In general, we appreciate the reduction in the number of different takes. However, this can become confusing when the same connector offers different functions depending on the computer. You won't damage anything by plugging a Thunderbolt 3 device into a USB-C port, but it won't necessarily work as it should: so check your computer's user manual to see which standard it uses. Thunderbolt costs manufacturers more; you will therefore find it mainly on recent Macs (with the exception of 12-inch MacBooks) and on high-end PCs like our favorite professional laptops. If your computer uses USB-C but is not compatible with Thunderbolt 3, this article will be useless: check out our guide to USB-C hubs and docks instead.

Our selection and testing method

Some of the Thunderbolt docks we tested, alongside their power supplies.
Some of the Thunderbolt docks we tested, alongside their power supplies. WIRECUTTER / MICHAEL HESSION

A good Thunderbolt dock expands the possibilities of the computer to which it is connected, providing additional connections at the maximum possible throughput. They are particularly useful for computers with few or few ports, like the current one 13-inch MacBook Pro, limited to two Thunderbolt ports; but they can also simplify the connection of peripherals to a computer, laptop or desktop. To evaluate the products, we checked the following characteristics:

  • Choice of ports: In general, the more sockets, the better, but we particularly appreciate the useful ports like USB-A and video outputs. Less common ones, like FireWire and eSATA, are nice, but not essential.
  • Port performance: equipment plugged into the Thunderbolt 3 dock should operate almost as if it were connected directly to the computer. We will see below our test procedure for each type of socket.
  • Design and dimensions: all other things being equal, a more compact dock is more practical than a large model. We also prefer those that can stand up to reduce the clutter of the desk.
Most docks are designed to sit horizontally with the majority of the ports facing back, but some models (like our favorite from CalDigit, here at the top) can stand up to save space.
Most docks are designed to sit horizontally with the majority of the ports facing back, but some models (like our favorite from CalDigit, here at the top) can stand up to save space.
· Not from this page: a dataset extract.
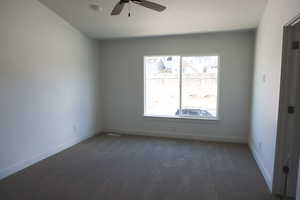 Empty room featuring dark colored carpet, baseboards, a textured ceiling, and ceiling fan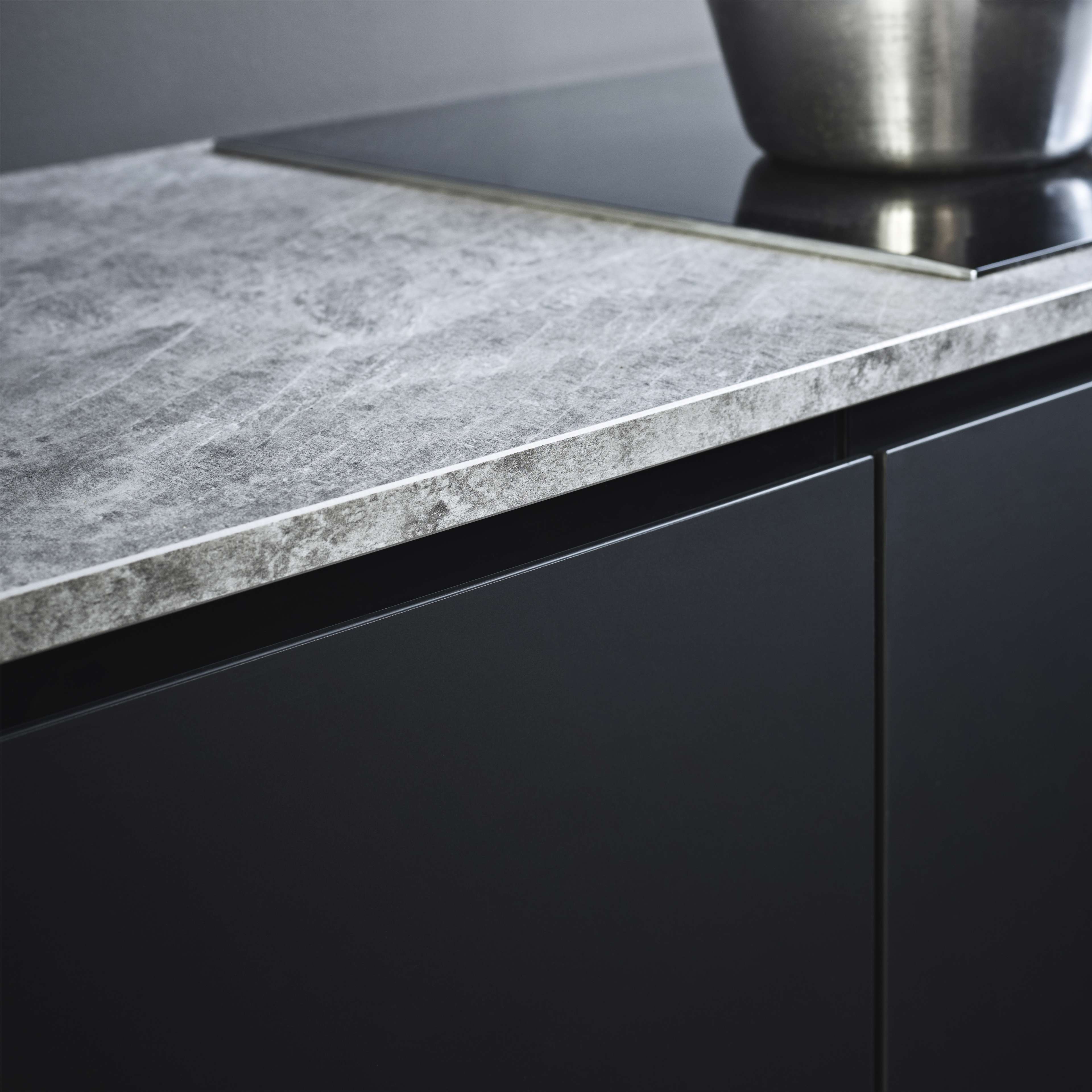 PRATO black kitchen features sleek cabinets with a modern matte finish, complemented by a textured gray countertop for a contemporary look.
WIRECUTTER / MICHAEL MURTAUGH

Thunderbolt docks have always been a niche market; you will therefore find few different models. We have tested almost all of those released since June 2017. Each time, we used a 13-inch MacBook Pro from 2017 equipped with the Touch Bar to test the speeds. For the models tested in 2018, we also checked the compatibility with a Dell XPS 13 laptop. In particular, we performed the following tests:

  • USB-A: we used AJA System Test to measure flow rates using a Samsung T3 portable SSD. To measure the capacity of the docks to charge other equipment, we plugged in a 10.5-inch iPad Pro and read the power supplied using PortaPow's USB Power Monitor.
  • Thunderbolt 3: we used AJA System Test to measure throughputs using a LaCie Bolt 3. In order to measure loading speed, we read the system report results from a 13 inch MacBook Pro and compared them to the measurements a Satechi USB-C Power Meter.
  • USB-C: we used AJA System Test and the Samsung T3 SSD. To measure the power supply, we connected a Drok USB Load Tester then mounted the amperage of it as far as possible without overloading the dock: recording the voltage and the intensity allowed us to calculate the power (in watts).
  • HDMI: we connected each dock via HDMI to a 27-inch 4K monitor BenQ BL2711U, with the definition set to 4K; then we repeated this test using a Mini-DisplayPort to DisplayPort cable running from the Thunderbolt port of the dock to the monitor.
  • DisplayPort / Mini DisplayPort: we connected each dock in DisplayPort to a Dell 4K monitor (article in English) or to a LG 27MU88-W, the definition being set to 4K, and we used Blur Busters Motion Tests to check the refresh rate.
  • audio: we tested the sound inputs and outputs of each dock by plugging a headset into each jack, checking that the correct input or output was enabled in macOS, and recording the resulting audio levels.
  • FireWire: we plugged in an SSD version of the OWC Mercury Elite Pro Mini and we measured the flow rates using AJA System Test.
  • Ethernet: we checked the connection speed on a Mac, which displays the link speed.
  • SD card : we used AJA System Test on a SanDisk 64 GB Extreme Pro card.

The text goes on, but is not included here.